#### [TASK ITEM]
From the line containing "Building Photo - 10330 SW 35th St" through the last line of the entries below, transcribe each line exactly, excluding any picture.

#### [Source records]
--- START ---
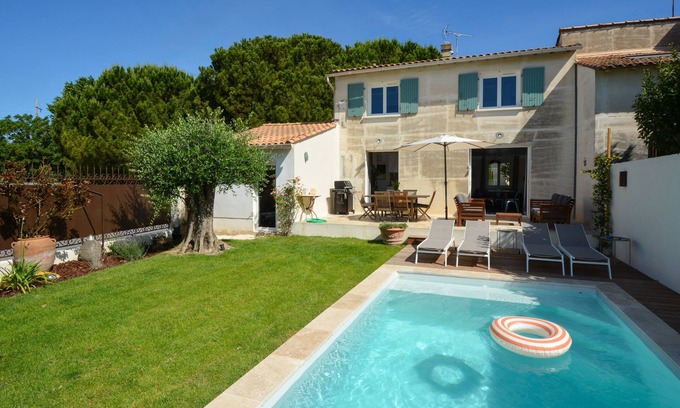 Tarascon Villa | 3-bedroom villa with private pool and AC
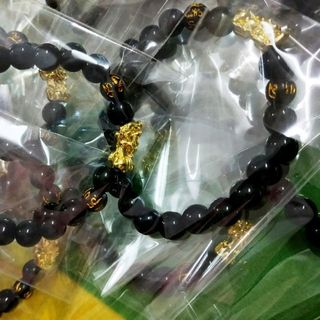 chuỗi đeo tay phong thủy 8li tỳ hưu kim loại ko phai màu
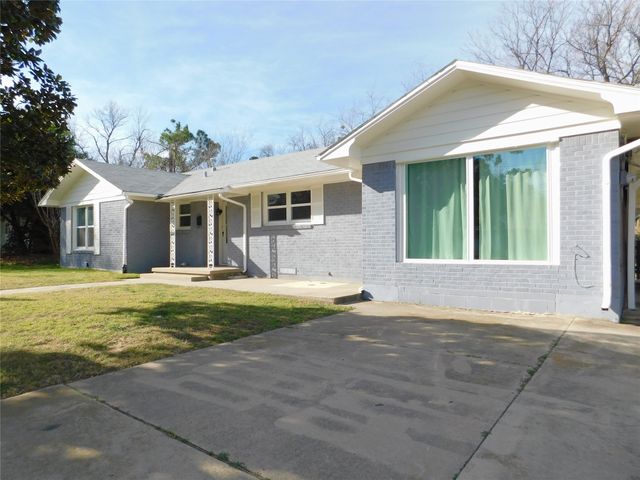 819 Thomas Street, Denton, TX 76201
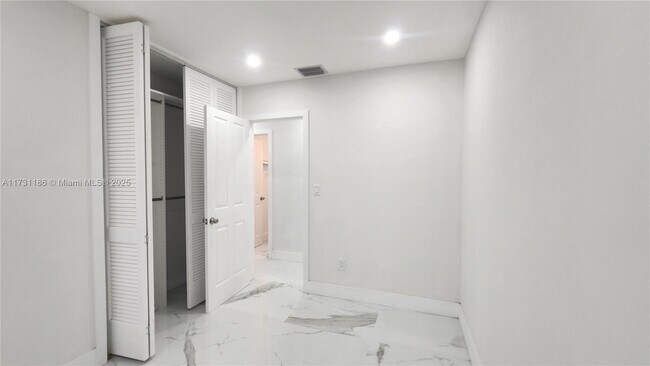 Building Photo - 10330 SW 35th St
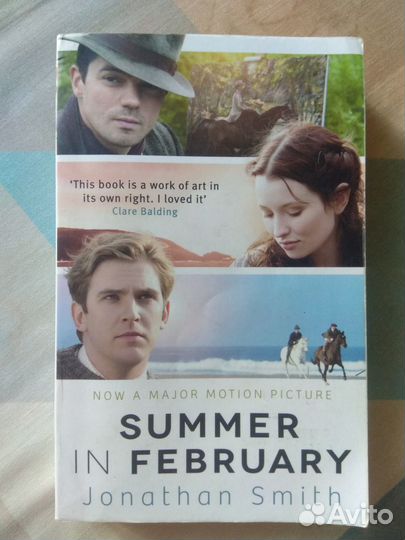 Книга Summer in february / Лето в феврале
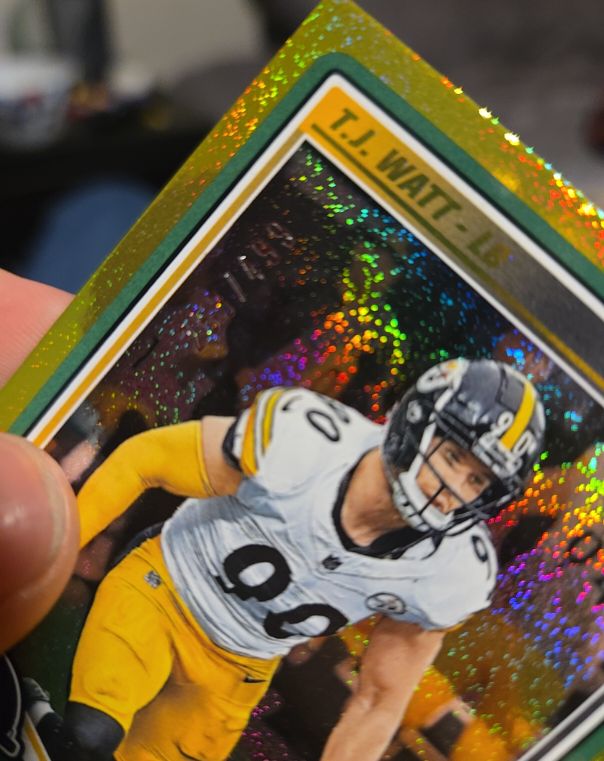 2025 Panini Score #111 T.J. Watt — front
--- END ---
#### [OUTPUT FOR THIS EXERCISE]
 Building Photo - 10330 SW 35th St
 Книга Summer in february / Лето в феврале
 2025 Panini Score #111 T.J. Watt — front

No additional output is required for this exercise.